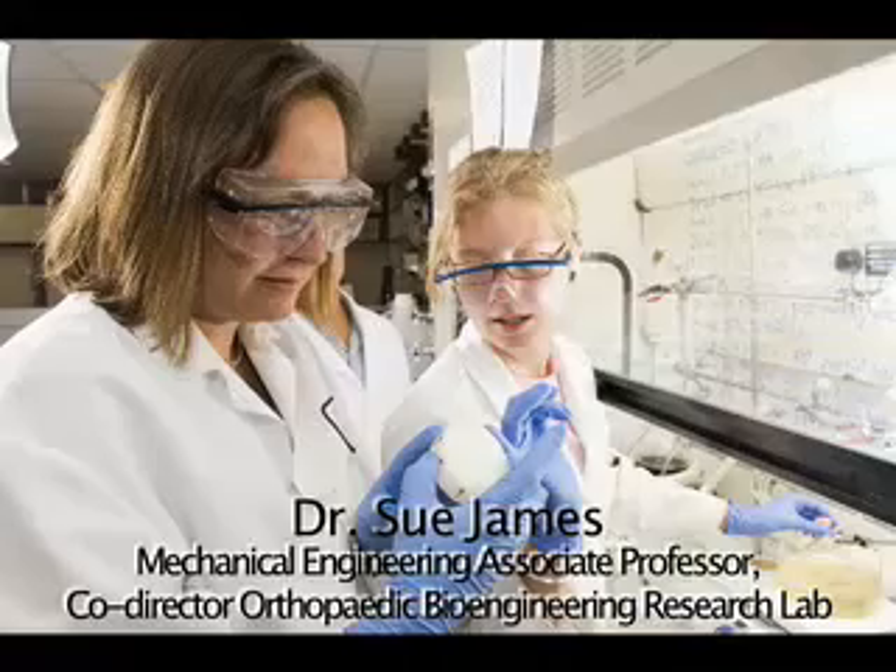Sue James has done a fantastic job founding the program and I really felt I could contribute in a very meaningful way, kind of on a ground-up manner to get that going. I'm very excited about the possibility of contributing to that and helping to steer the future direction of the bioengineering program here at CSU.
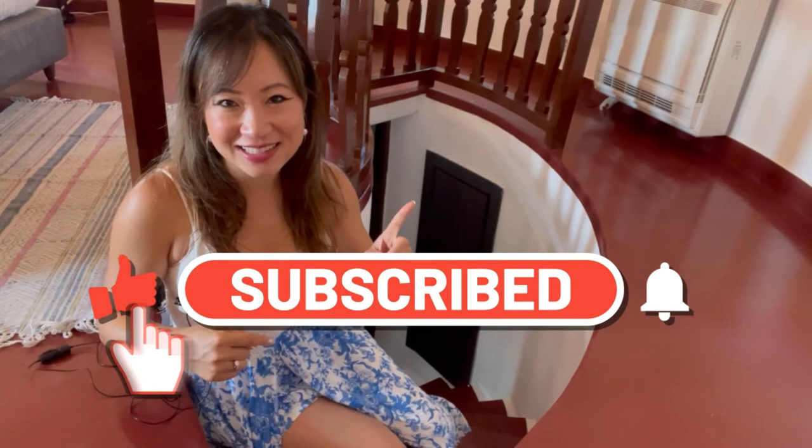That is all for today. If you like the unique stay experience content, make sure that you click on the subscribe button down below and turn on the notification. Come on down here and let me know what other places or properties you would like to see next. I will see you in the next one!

--*--

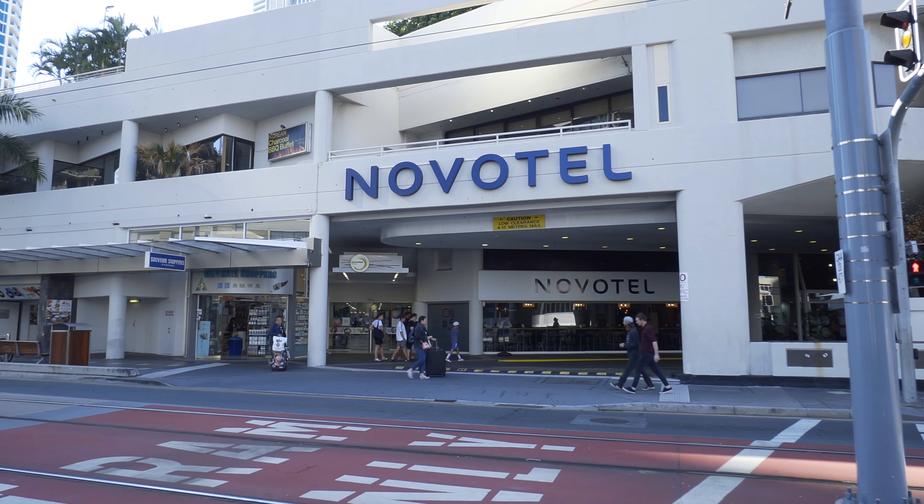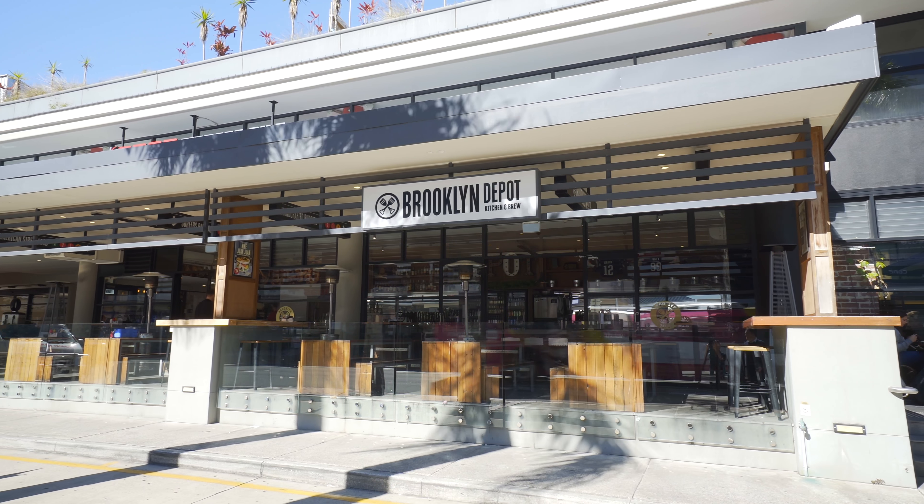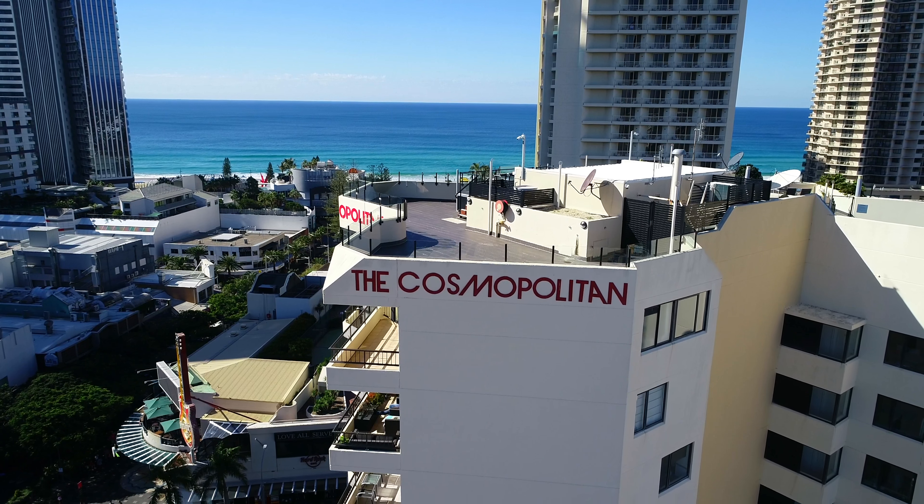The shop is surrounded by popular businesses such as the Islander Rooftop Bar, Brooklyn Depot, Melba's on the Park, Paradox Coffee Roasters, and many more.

--*--

Work task:
Your reply should consist solely of the lines above from the line containing "Sue James has" up to and including the line containing "That is all", reproduced exactly, minus the pictures.

Result:
Sue James has done a fantastic job founding the program and I really felt I could contribute in a very meaningful way, kind of on a ground-up manner to get that going. I'm very excited about the possibility of contributing to that and helping to steer the future direction of the bioengineering program here at CSU.
That is all for today. If you like the unique stay experience content, make sure that you click on the subscribe button down below and turn on the notification. Come on down here and let me know what other places or properties you would like to see next. I will see you in the next one!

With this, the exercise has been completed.